Le bambine sono state esposte a voci registrate con suoni tonali tipici della lingua cinese, del tutto assenti invece in francese, mentre i ricercatori effettuavano alcune scansioni con la tecnica di risonanza magnetica funzionale, in grado di rilevare le zone del cervello attivate.
L'analisi dei dati ha mostrato che le bambine dei due gruppi mostravano schemi di attivazione neurale simili in una specifica regione cerebrale, il giro temporale, che non si attivava invece nelle nei bambine esposti solo alla lingua francese.
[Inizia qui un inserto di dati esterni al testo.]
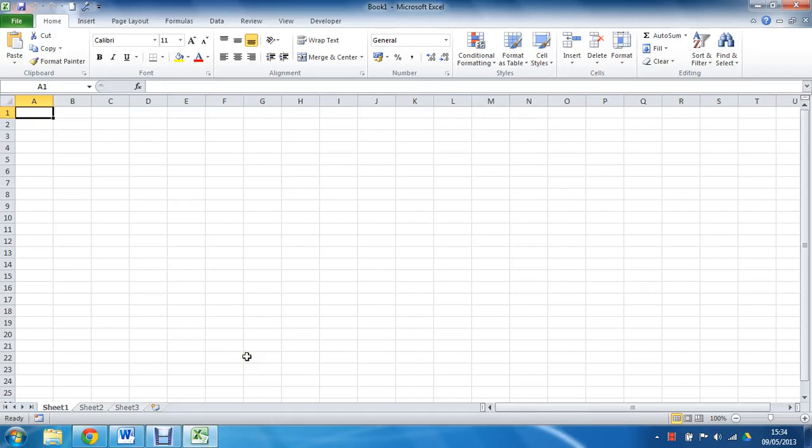Hello and welcome to another video tutorial from ComputerGaga.com. This is a quick tutorial to show how we can open Excel files automatically at startup.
Secondo gli autori, lo studio dimostra che con l'esposizione a una lingua nella primissima infanzia, il cervello produce delle rappresentazioni dei suoni che vengono integrate nel complesso delle capacità linguistiche e che possono persistere nel tempo anche se il soggetto non è più esposto a quella lingua, non è più in grado di parlarla né di comprenderla, e non ha nessuna consapevolezza di questa sensibilità.
Il risultato è coerente con altre ricerche condotte sia su animali sia su esserei umani, secondo cui nel cervello le nuove informazioni apprese non vengono “sovraimpresse” su quelle vecchie, annullandole. I circuiti stabiliti a livello neurale dalle informazioni più vecchie rimangono, anche se per il soggetto è impossibile accedervi.
Resta però da stabilire, scrivono Pierce e colleghi, se le rappresentazioni cerebrali prodotte dall'esposizione alla lingua madre interferiscano in qualche modo con l'apprendimento della seconda lingua nell'età successiva.